[Record set]
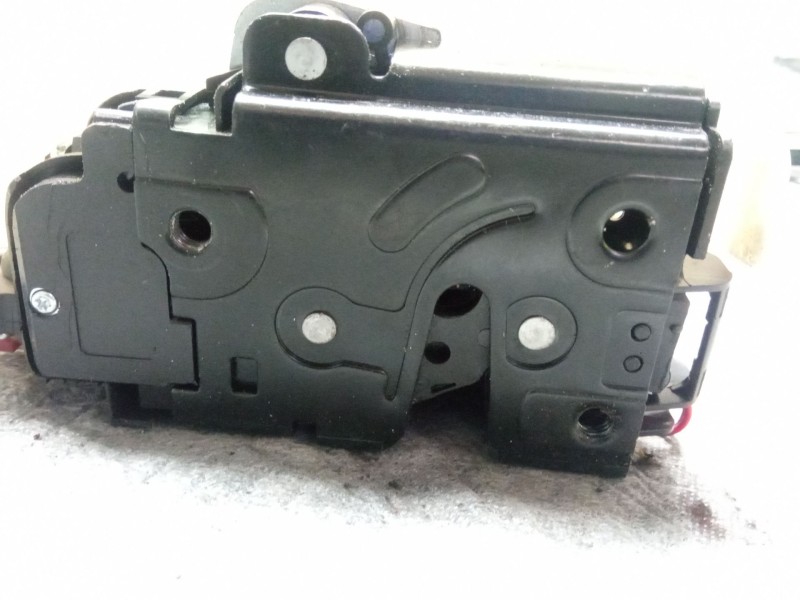 Recambio de cerradura puerta trasera derecha para volkswagen golf referencia OEM IAM   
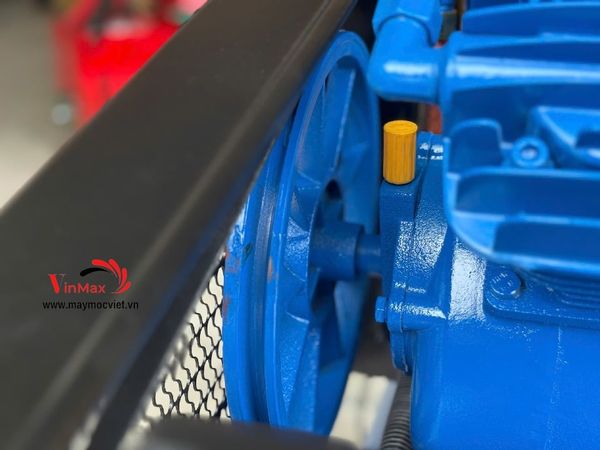 Máy nén khí 4hp Pegalion TM-W-0.36/8-120L (380V)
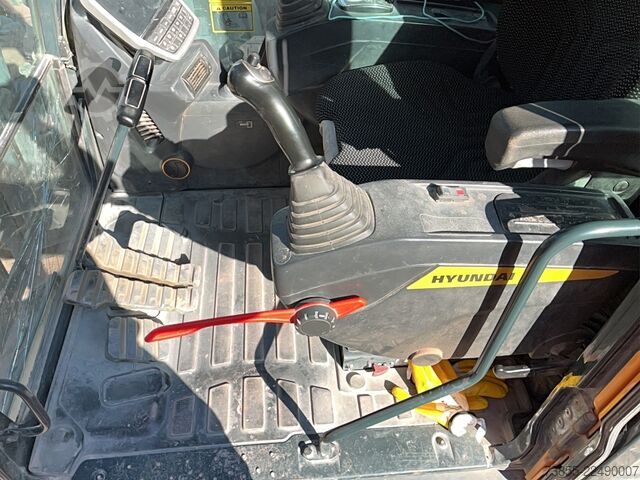 Tracked Excavator Hyundai HX300ANL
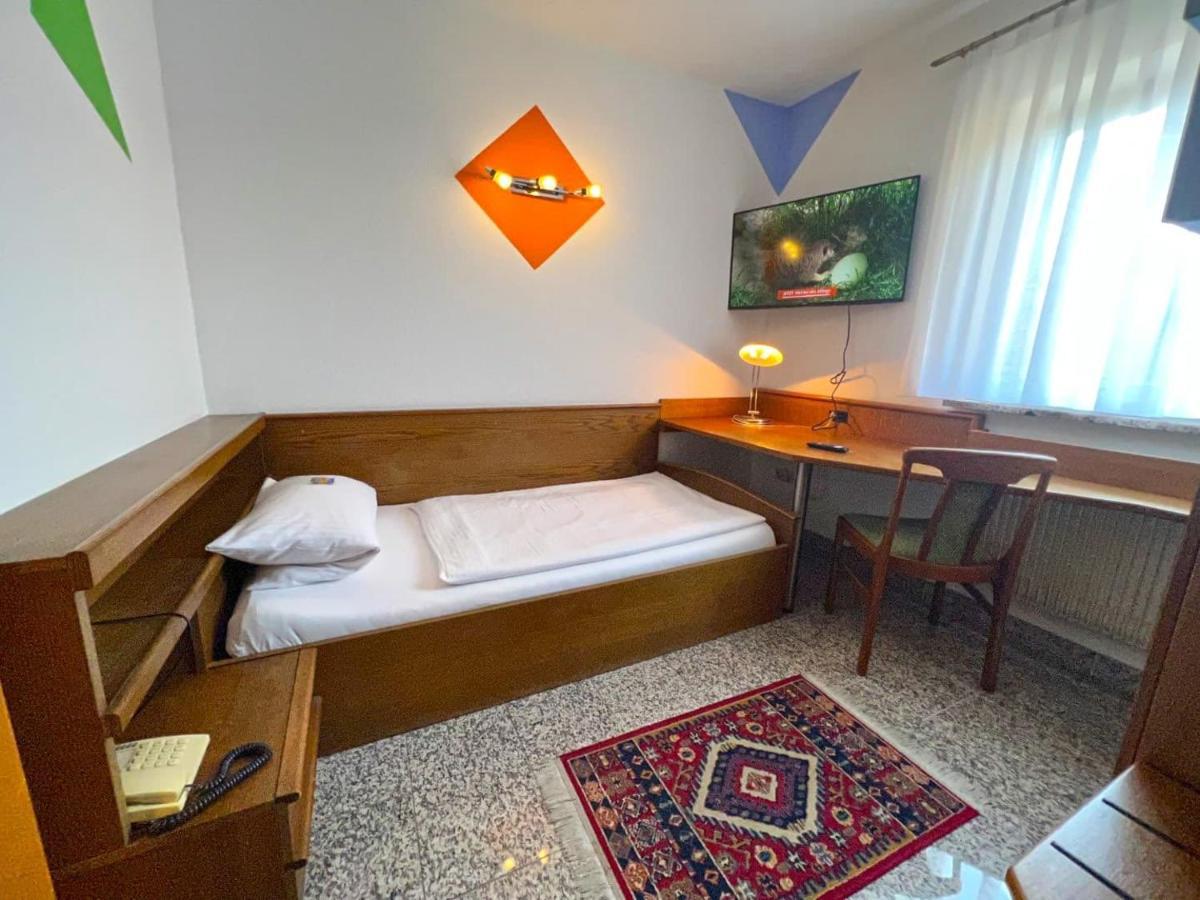 Hotel Und Restaurant Nehrener Hof Luaran gambar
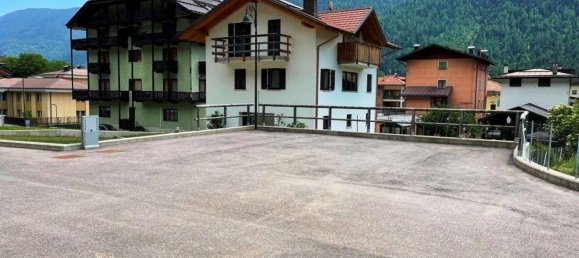 325m² Land in Malé, Italy No. 51237 8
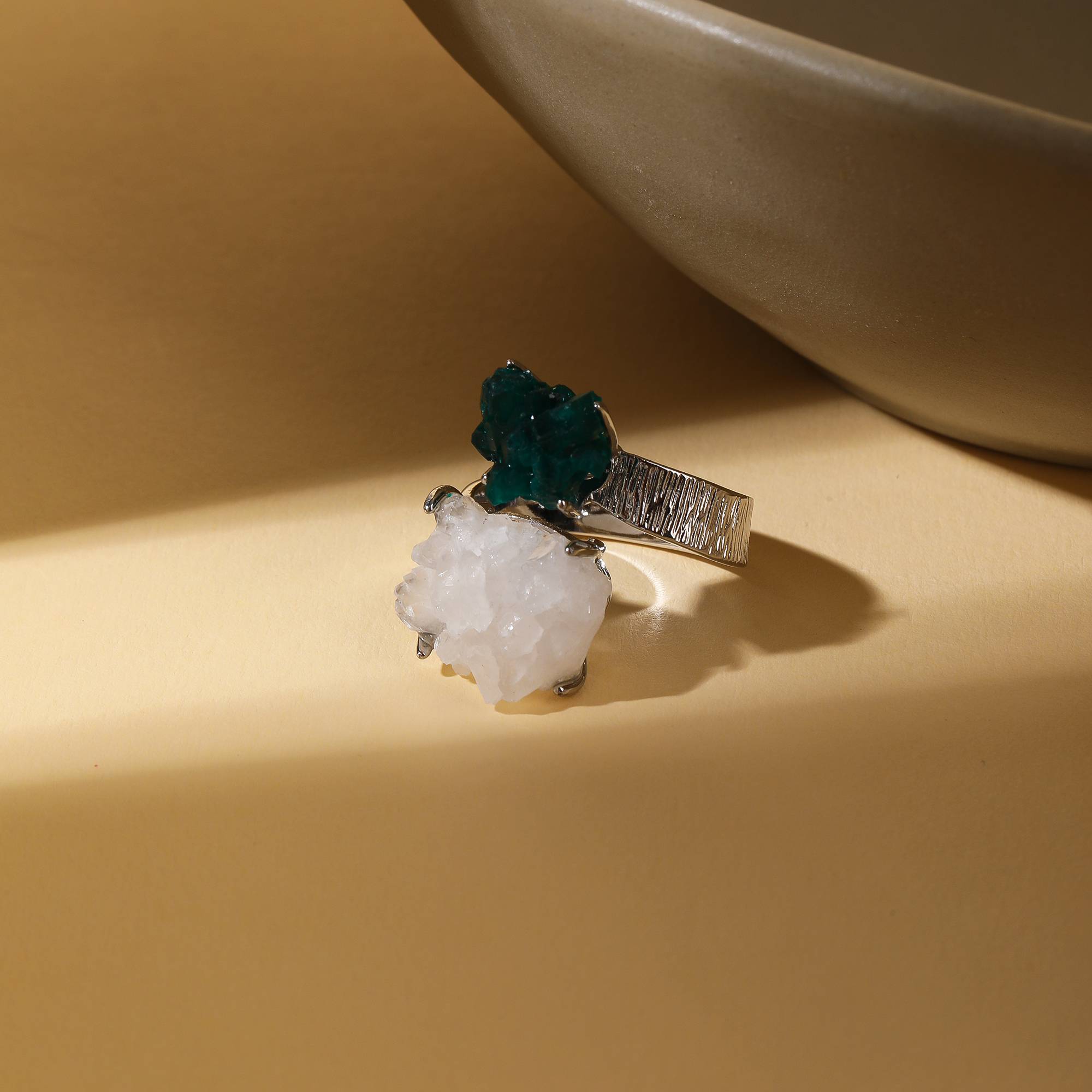 Apohyllite et Dioptase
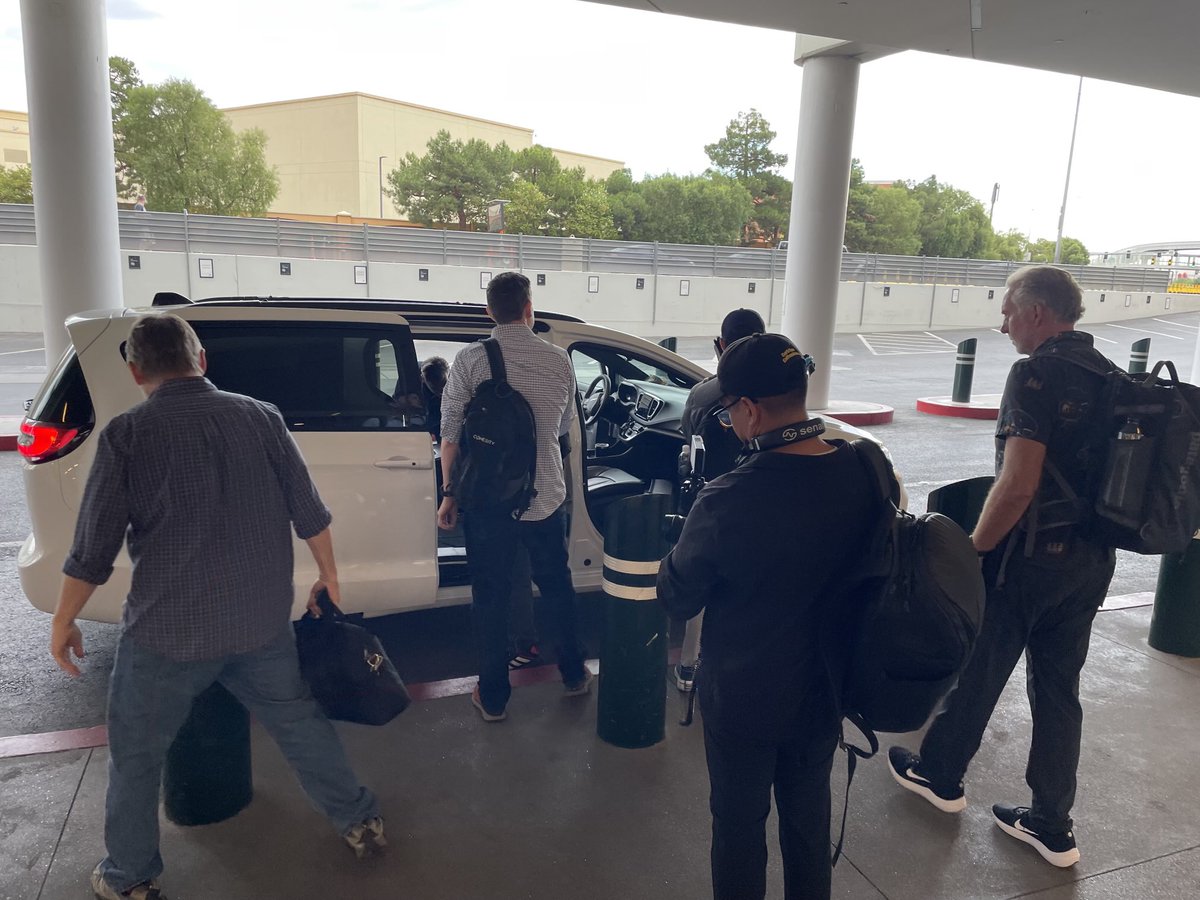 Pete Flecha (@vpedroarrow) on Twitter photo Something really cool@is about to go down at #VMwareExplore Something really cool@is about to go down at #VMwareExplore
[/Record set]
■ Directions ■
All of the entries need to be copied exactly, minus any pictures.

■ Finished exercise ■
 Recambio de cerradura puerta trasera derecha para volkswagen golf referencia OEM IAM   
 Máy nén khí 4hp Pegalion TM-W-0.36/8-120L (380V)
 Tracked Excavator Hyundai HX300ANL
 Hotel Und Restaurant Nehrener Hof Luaran gambar
 325m² Land in Malé, Italy No. 51237 8
 Apohyllite et Dioptase
 Pete Flecha (@vpedroarrow) on Twitter photo Something really cool@is about to go down at #VMwareExplore Something really cool@is about to go down at #VMwareExplore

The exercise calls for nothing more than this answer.